A nonprofit called Make It Movement is asking. Efforts like it, coupled with a wider range of learning options, will help more Americans self-actualize — find their purpose and contribute to their communities. 

Self-actualization starts with asking, “What do I want to do?”

The Make It Movement’s website helps young learners determine their aptitudes and identify what motivates them to contribute. It “tells” young learners they absolutely should try to discover their purpose, a notion “that has become blurred as young people question the traditional paths once taken after high school,” The Hechinger Report explained.

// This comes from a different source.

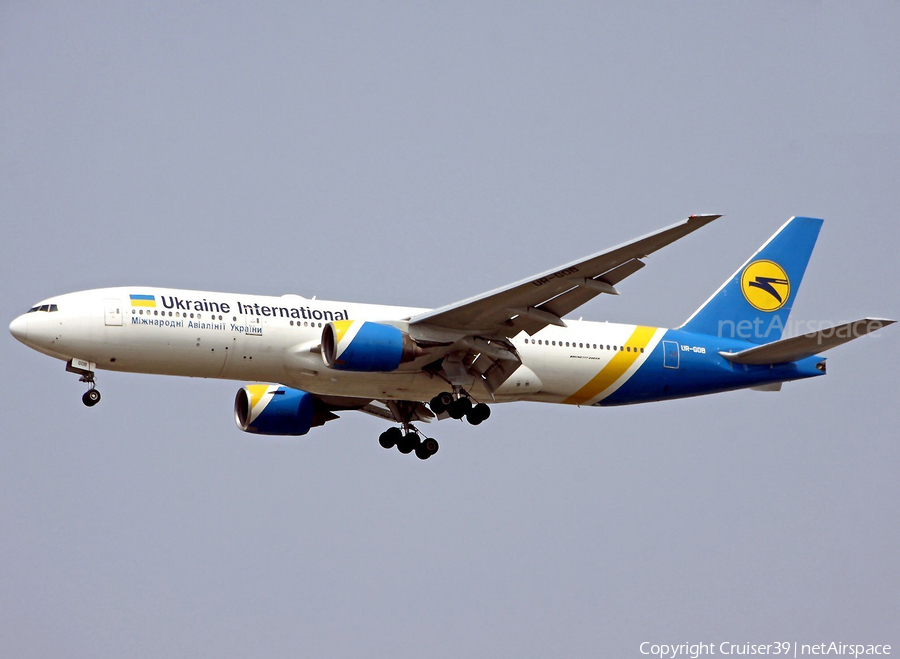 Ukraine International Airlines Boeing 777-28E(ER) (UR-GOB) | Photo 345961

To begin, the website offers an interactive tool where learners select what kind of workplace they prefer (indoor, outdoor, at home), identify their personality types (thinker, doer, creator, planner), and consider their own values. The website then offers jobs that individual may be interested in and provides pathways to that job: meeting an employer, learning a skilled trade, or pursuing another learning option. 

Make It Movement initially hoped the site would reach 20,000 central Texas students. Four times that number, 80,000, have logged on. A Make It Movement survey of middle and high school students found the proportion of learners who were aware that they had multiple learning options to train for jobs went from 42% to 93% after using the website.

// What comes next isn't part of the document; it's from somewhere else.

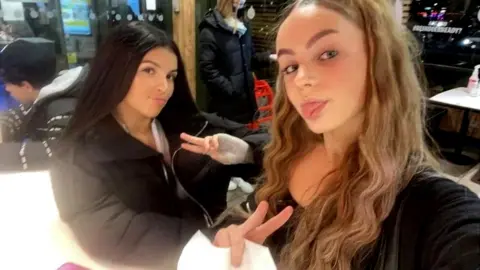 Family photo Shanae and Carys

Founder Roy Spence says the website is appealing because it is “compelling, interactive, peer to peer, and simple.” 

Brown, the student from San Antonio, believes it works for another reason. “It’s showing students, ‘Hey, let’s see what you individually like to do, what you love, and how you can make a difference in the world,’” Brown said in The Hechinger Report article that The Washington Post also published.

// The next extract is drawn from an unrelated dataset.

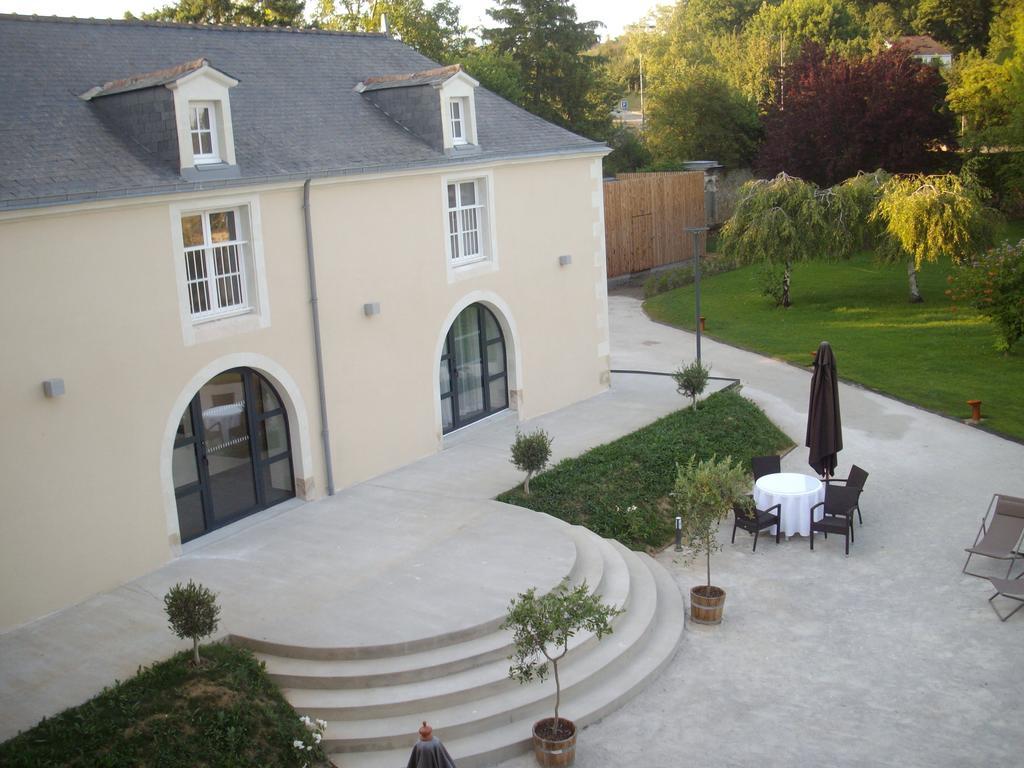 Hotel Le Saint Martin Sable-sur-Sarthe Bagian luar foto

Finding purpose continues by understanding the full range of learning opportunities

Brown is not the only student demanding new learning models. In Newsweek, University of Chicago senior Aman Majmudar noted Google grants professional certificates that get enrollees job-ready in six months, and that edX offers shorter-term learning options.

“Rather than buoying an outdated narrative that slows progress … and makes millions of young people default to doing something that might not be best for them, traditional universities need to adapt,” Majmudar said. He recommends four-year institutions start by adding two-year degree options.

Policymakers also are eager for innovation. 

Last October, the U.S. House Subcommittee on Economic Growth, Energy Policy, and Regulatory Affairs held a hearing on apprenticeships. Tony Ewing, president of Advanced Fixtures, Inc., described his own experience with forgoing college. “I don’t have a degree,” Ewing said. “Yet … I’ve had the honor to lead a successful and growing company for over 40 years, influence hundreds of employees, and contribute to their livelihoods.”

Mutual benefit: New learning models will help workers self-actualize — and could address student debt crisis

“College for all is not working for all,” Erin Valdez, policy director for Next Generation Texas with the Texas Public Policy Foundation argued at the October hearing, “There is a $1.77 trillion student loan crisis in this country, and that has tripled since 2008.”

Fortunately, new models are also emerging for students worried about whether a traditional degree will translate into a well-paying job where they can contribute. 

To ensure learners who do choose a more traditional four-year path find meaningful work, Western Governors University aligns its education programs with workforce needs, ensuring graduates are both well-prepared and sought-after by employers. 

WGU President Scott Pulsipher discussed this approach in a recent interview

“Whether someone pursues postsecondary education — that happens at an individual level,” Pulsipher said. “[People] want a self-determined life. They want a life of progress, economic mobility, and optionality around the opportunities they pursue, and the key to all that is acquiring the knowledge, skill, and ability to do so.”